*Saved data entries*
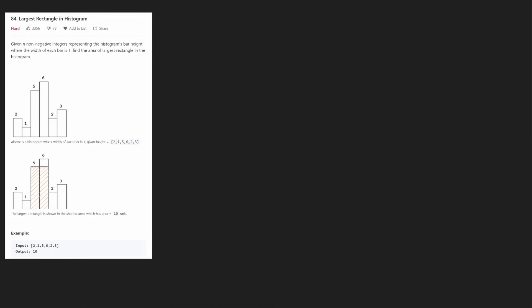Let's solve LeetCode 84, Largest Rectangle in Histogram. We're given a bunch of bar heights and each bar has a width of 1. We want to find out what's the largest rectangle we can get and return the area of it. So in this case, the largest has an area of 10 — width of 2, height 5. Another rectangle we could get has an area 8, width of 4, height of 2. Another one has a width of 6, height 1, so area 6.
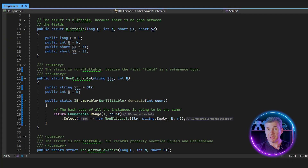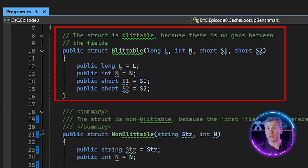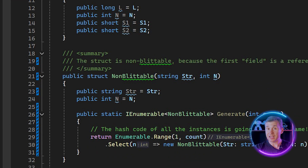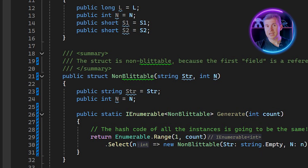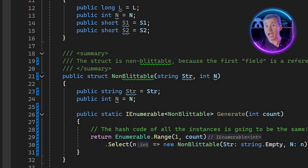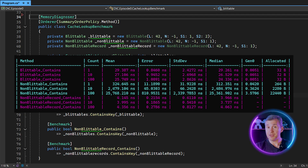The default GetHashCode implementation in .NET for structs is very tricky. If the struct is blittable — meaning it doesn't hold any references and there are no gaps between the fields — all the bits of the struct are going to be used for computing the hash code, making it well distributed. But if the struct has references in it, then only the first field is going to be used in the final hash code computation. And if the first field is the same all the time, then the hash code is going to be the same for all instances as well — making the dictionary essentially a linked list with O(N) lookup speed, not constant.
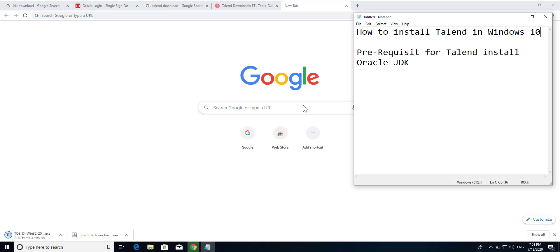Welcome to my channel. Today I am going to show how to install Talend in Windows 10. Before installing Talend, we have a prerequisite to install Oracle JDK. Now I am going to download JDK.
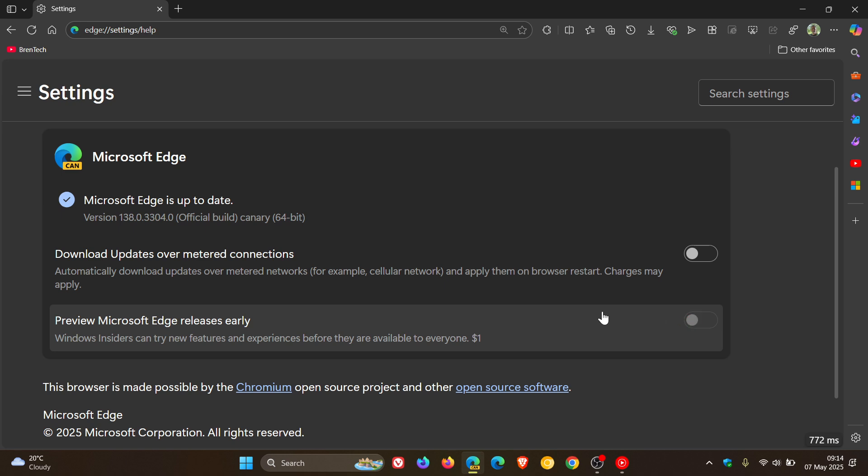And that setting is grayed out. So two things could be happening here, or maybe three things could be happening here. First of all, this is just a glitch in Edge Canary, which is common, but I don't think so.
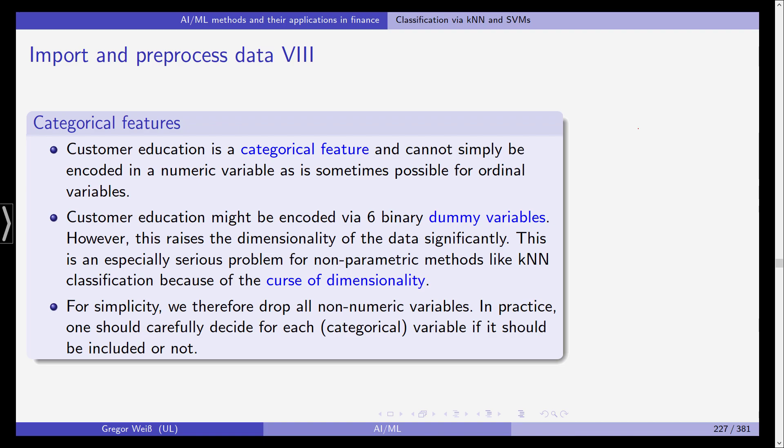Now we do have some categorical features. For example customer education is a categorical feature and it cannot simply be encoded in a numeric variable as it is sometimes possible for ordinal variables. So for example if you have rating scores well it's clear a score let's say of 50 is better than a score of 30. With categorical features this is not possible because you can't really say that for example a doctorate is twice as good as a high school diploma.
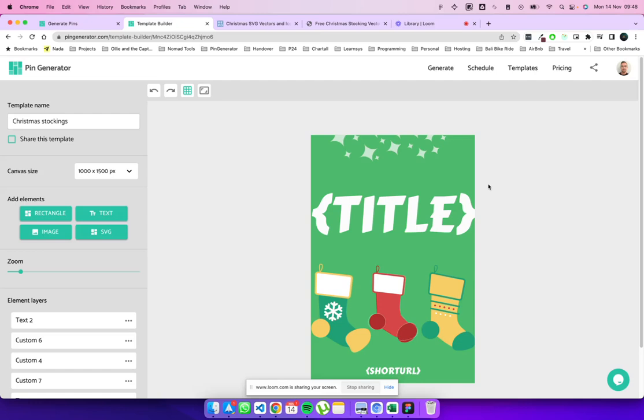Hello, everybody. Ollie here from Pin Generator. And with the new release of the template builder for Pin Generator, you can create your own templates for your Pinterest pins. So whatever your imagination is coming up with, you can make a template now that can dynamically create Pinterest pins for you.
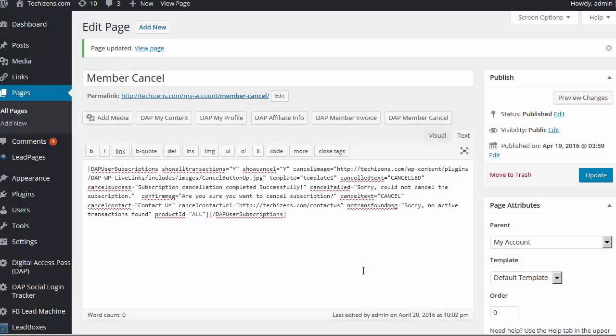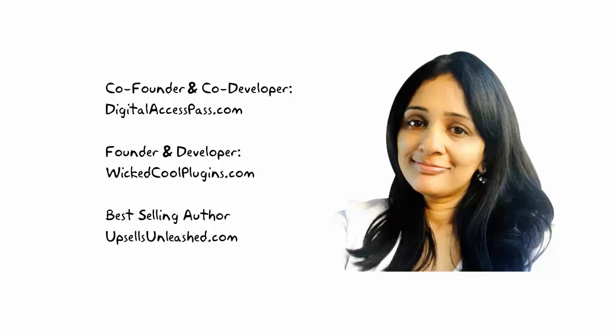We've tried to make it much easier to use. I hope you like all the new updates and really look forward to your feedback. My name is Veena Prashant. Thanks for watching.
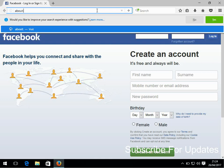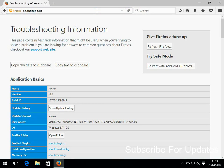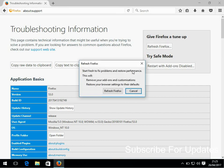We'll also put this in the description just in case you can't see it there properly. All you need to do is click on Refresh Firefox. So it's basically going to get rid of everything and it just warns you there.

*DESCRIPTION OF THE TASK*
Without copying any picture, write out the entries exactly.

*SOLUTION*
Let's solve LeetCode 84, Largest Rectangle in Histogram. We're given a bunch of bar heights and each bar has a width of 1. We want to find out what's the largest rectangle we can get and return the area of it. So in this case, the largest has an area of 10 — width of 2, height 5. Another rectangle we could get has an area 8, width of 4, height of 2. Another one has a width of 6, height 1, so area 6.
The default GetHashCode implementation in .NET for structs is very tricky. If the struct is blittable — meaning it doesn't hold any references and there are no gaps between the fields — all the bits of the struct are going to be used for computing the hash code, making it well distributed. But if the struct has references in it, then only the first field is going to be used in the final hash code computation. And if the first field is the same all the time, then the hash code is going to be the same for all instances as well — making the dictionary essentially a linked list with O(N) lookup speed, not constant.
Welcome to my channel. Today I am going to show how to install Talend in Windows 10. Before installing Talend, we have a prerequisite to install Oracle JDK. Now I am going to download JDK.
And that setting is grayed out. So two things could be happening here, or maybe three things could be happening here. First of all, this is just a glitch in Edge Canary, which is common, but I don't think so.
Now we do have some categorical features. For example customer education is a categorical feature and it cannot simply be encoded in a numeric variable as it is sometimes possible for ordinal variables. So for example if you have rating scores well it's clear a score let's say of 50 is better than a score of 30. With categorical features this is not possible because you can't really say that for example a doctorate is twice as good as a high school diploma.
Hello, everybody. Ollie here from Pin Generator. And with the new release of the template builder for Pin Generator, you can create your own templates for your Pinterest pins. So whatever your imagination is coming up with, you can make a template now that can dynamically create Pinterest pins for you.
We've tried to make it much easier to use. I hope you like all the new updates and really look forward to your feedback. My name is Veena Prashant. Thanks for watching.
We'll also put this in the description just in case you can't see it there properly. All you need to do is click on Refresh Firefox. So it's basically going to get rid of everything and it just warns you there.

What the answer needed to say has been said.